Spark Therapeutics Restores Vision for Some Patients In Key Clinical Trial

Spark Therapeutics, a Philadelphia company at the forefront of gene-therapy research, reported Monday that patients in its most important clinical trial had some eyesight restored after treatment by Spark's product.

For now, the name of the product is SPK-RPE65, which - along with Spark itself - was spun out of decades of research led by Kathy High at the Children's Hospital of Philadelphia, the largest shareholder in the publicly traded company.

"We saw substantial restoration of vision in patients who were progressing toward complete blindness," Albert M. Maguire, principal investigator in the trial and an ophthalmologist at Penn's Perelman School of Medicine, said in a statement.

Gene therapy involves injecting genetic material into a person's cells to correct a mutation in hopes of restoring normal function.

Spark's study involved 31 patients who had a genetic mutation in the retina called Leber congenital amaurosis that can lead to blindness or a condition sometimes referred to as night blindness, in which vision is severely restricted. None of the trial participants, ranging in age from 4 to 44, was completely blind and none had perfect vision.

The primary test involved measuring improvement they made after one year after the injection in navigating a course with black arrows on a white floor, with steps and other obstacles. The main variable was how much light - seven levels, from a bright office to a moonless summer night - a participant needed to get a passing grade on that course. Of the 31 in the study, 10 served as the control group and did not receive any injection. However, when the test was done, nine of the 10 were allowed to have the treatment.

Spark did not release the full data set, which researchers, financial analysts, and the Food and Drug Administration will want to see. But CEO Jeff Marrazzo said "two-thirds" of the people receiving the treatment improved to the maximum level. The others improved but not to a statistically significant level. The trial did not meet one of three secondary targets, a test of visual acuity, which is basically measured by the ability to read an eye chart.

"This is landmark moment in our field," said Srinivas Sadda, president and chief scientific officer at UCLA's Doheny Eye Institute, who was not involved in the study and said he has no financial ties to Spark. "Retinal degeneration in many cases has been essentially untreatable."
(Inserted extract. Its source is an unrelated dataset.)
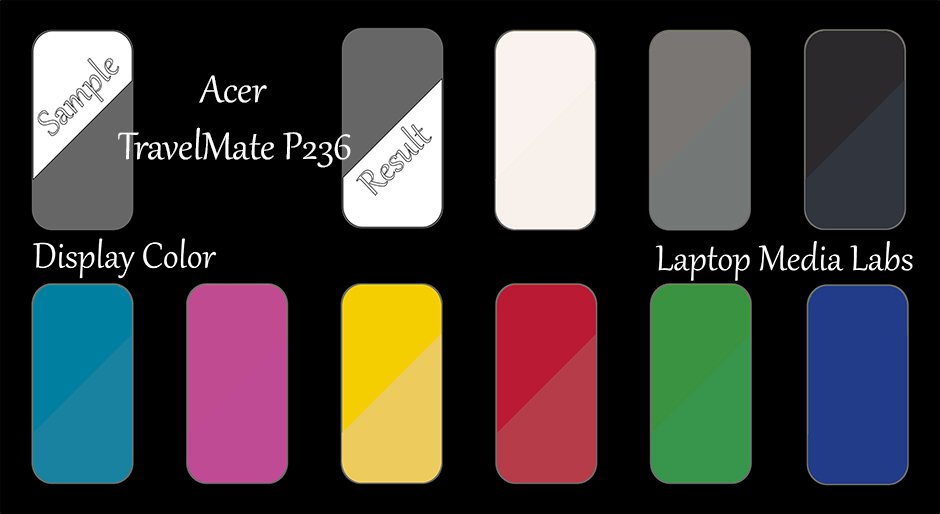 E-DisplayColor-Acer TravelMate P236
Genetic material can be delivered to a cell using a carrier known as a "vector." The most common types of vectors are modified viruses. The hope is that new genes and cells will then reproduce in ways that cure the problem forever, which would differ dramatically from most drugs that simply treat disease. But the industry is in its infancy and deadly mistakes were made in the past, including the 1999 death of Jesse Gelsinger during a clinical trial at the University of Pennsylvania.

Spark said Monday there "were no serious adverse events" in the phase 3 trial, which usually proceeds an application to the FDA. Spark said about 3,500 people in the United States and five European countries have the specific genetic condition that was tested. Like others, Spark hopes this is a step in using gene therapy to treat other diseases and it has a trial underway to treat a form of hemophilia.
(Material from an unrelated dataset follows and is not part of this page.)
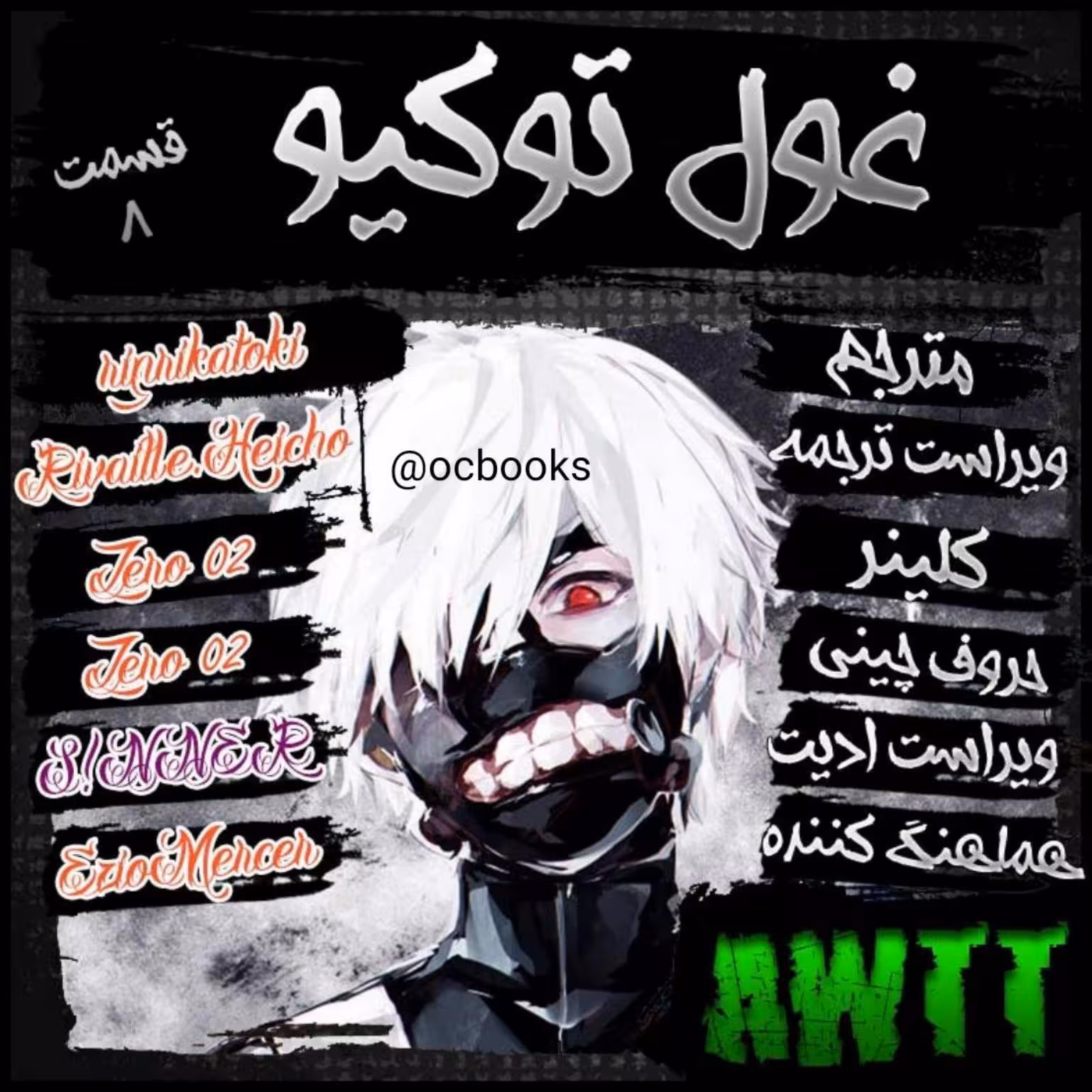 Tokyo Ghoul-CH-8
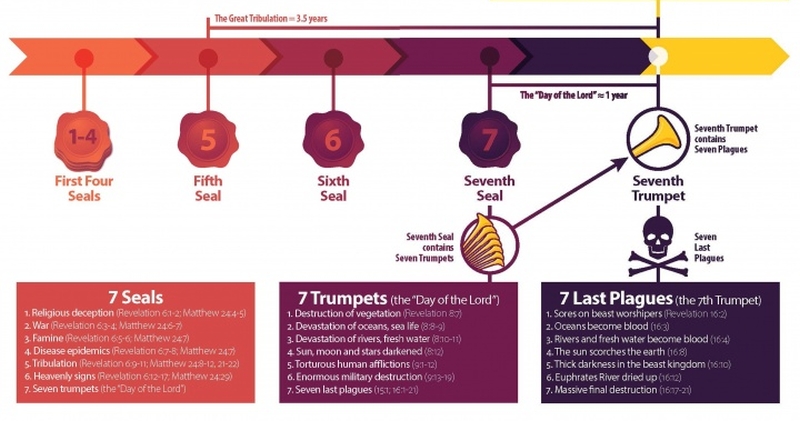 end-times-revelation-timeline-seals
Gislin Dagnelie, a researcher in the Wilmer Eye Institute at Johns Hopkins University, said the results are encouraging, especially for children with the condition who faced "a pretty grim prognosis."

Dagnelie said, "There is definitely a question about how effective it will be over the long term."

No gene-therapy product has been approved by the FDA. (One was approved by the European Medicines Agency in 2012.) Spark said it plans to apply in 2016 for FDA approval.

Financial analysts have told clients that they expect Spark to charge $1 million for the treatment. Spark's Marrazzo said Monday it is too early to set a price, but also that he hopes the treatment and price can prompt new models of paying for cures instead of lifetime treatments. Spark chose the stock ticker symbol ONCE to signify its hope of a one-time treatment, but that also might require payments over time. (The share price rose $9.09 in Nasdaq trading to close at $53.02 on Monday.)

"The larger question is not price but changes to the payment system," Marrazzo said. "We need to think differently about payment incentives for products that involve a one-time treatment."

Gordon Gund certainly hopes one-time cures are the result. An investor and owner of sports teams, Gund, 75, lost his sight at age 31, and channeled his money to the Foundation Fighting Blindness. It gave seed money to Spark, though it does not own stock today. Gund said he won't be cured, but he hopes Monday's test results signal others will be.

"Our interest," Gund said of his foundation, "is in eventually going out of business."